Why Titanium Anode is an Excellent Choice For Electrochemical Water Treatment System?

Why Titanium Anode is an Excellent Choice for Electrochemical Water Treatment System?

Electrochemical water treatment systems utilize electricity to induce the removal of dissolved contaminants in the water. Positively charged contaminants such as calcium, magnesium, sodium, lead, and uranium are called cations. Negatively charged contaminants such as chlorides, nitrates, nitrites, sulfates, and fluorides, are called anions. The introduction of a negatively charged electrode, or cathode, into the water will cause positively charged cations to move towards it.  

The anode type is critical for electrochemical water treatment efficiency and result. Anodes used for electrochemical waste treatment include lead, lead alloy, stainless steel, magnetite, graphite, and precious metal coated titanium. Although all of these anodes have been successfully used for the different elect, electrochemical applications, each anode type has its advantages and disadvantages. For example, lead and carbon anodes dissolve during operation to form toxic materials (lead oxides from lead and carcinogenic organic compounds from carbon due to the phenolic binders) which have to be removed prior to discharge. The dissolved impurities will also contaminate the process and result in poor quality products. Stainless steel and magnetite anodes can only be used in an alkaline electrolyte and the service life for magnetite anodes is very short, even in alkaline solutions.

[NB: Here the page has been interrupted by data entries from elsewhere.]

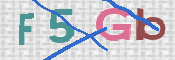 この文字を入力してください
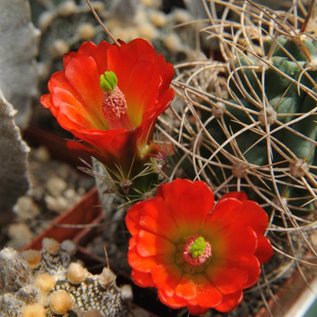 Echinocereus triglochidiatus v. mojavensis      (dw)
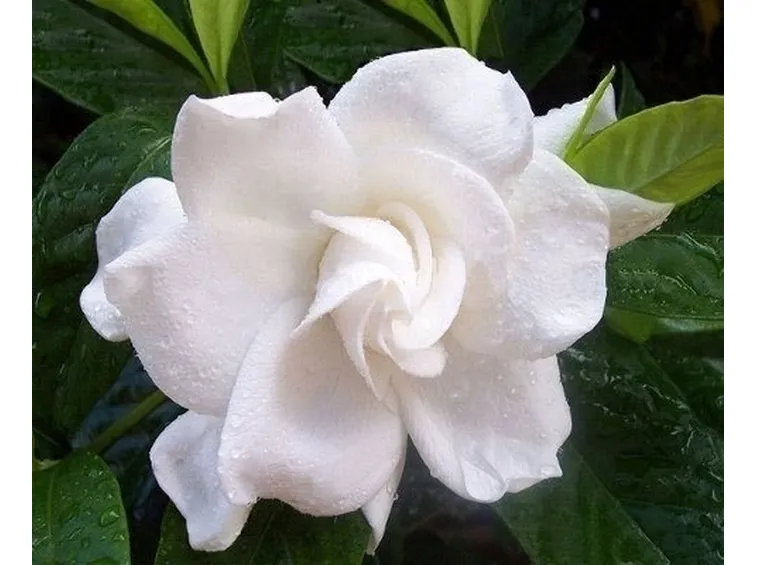 Risposta : gardenia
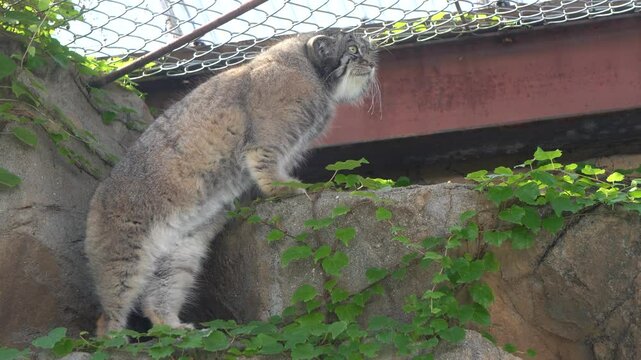The Pallas's cat (Otocolobus manul), also known as the manul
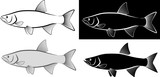 asp fish - clip art illustration and line art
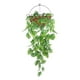 thumbnail image 1 of Plantas Artificiales Hojas De Tortuga Ratán Plástico Para Exteriores Plantas Para Colgar En La Pared Cestas Para Interiores Guirnalda Para Bodas 1 Unidad, 1 of 8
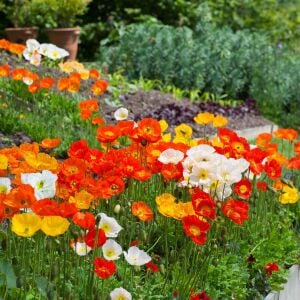 Dev izlanda gelincik tohumu papaver nudicaule
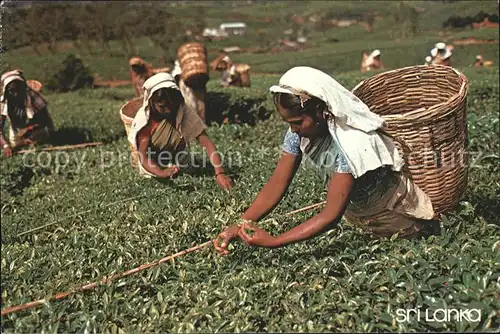 Landwirtschaft Teepflueckerinnen Nuwara Eliya Sri Lanka  Kat. Landwirtschaft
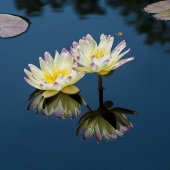 Patrick O’Brien - “Nymphaea 4” – www.3eyedman.com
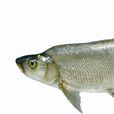 鱇康良白魚 鱇康良白魚
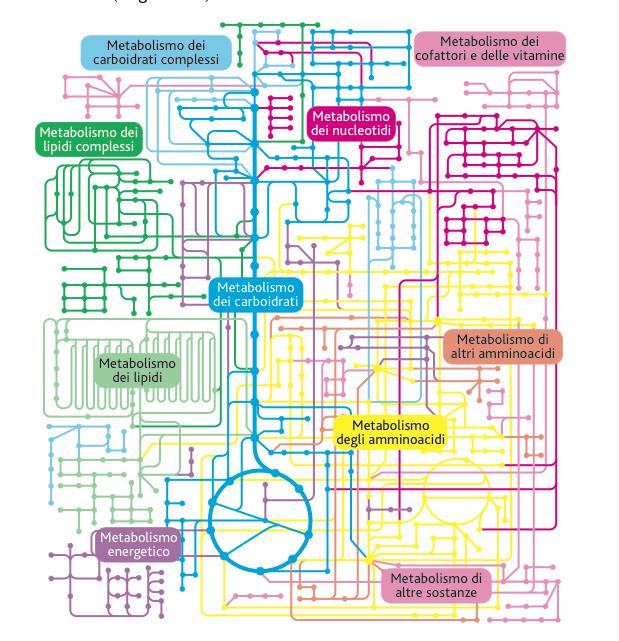 Le vie metaboliche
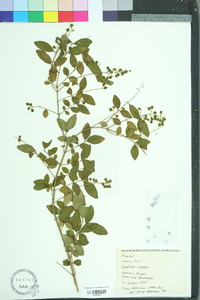 Ligustrum sinense image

Comparisons are made between titanium anodes and other insoluble anodes such as lead, lead alloy, and graphite, in terms of their electrochemical performance and environmental impact.  Titanium anodes are more expensive than other anode materials. However, because of their operating stability and energy efficiency, titanium anodes have become the anode of the choice for a wide variety of electrochemical processes.

This titanium anode is prepared by applying an electrocatalytic coating (precious metals or oxides of precious metals, typically platinum or indium) on titanium substrates through either an electroplating or thermal decomposition method. The titanium substrate is available in rod, tube, mesh (expanded metal), and solid sheet and can be further fabricated to any shape and size. Thus, this versatile material can be employed in virtually all different types of electrochemical cells.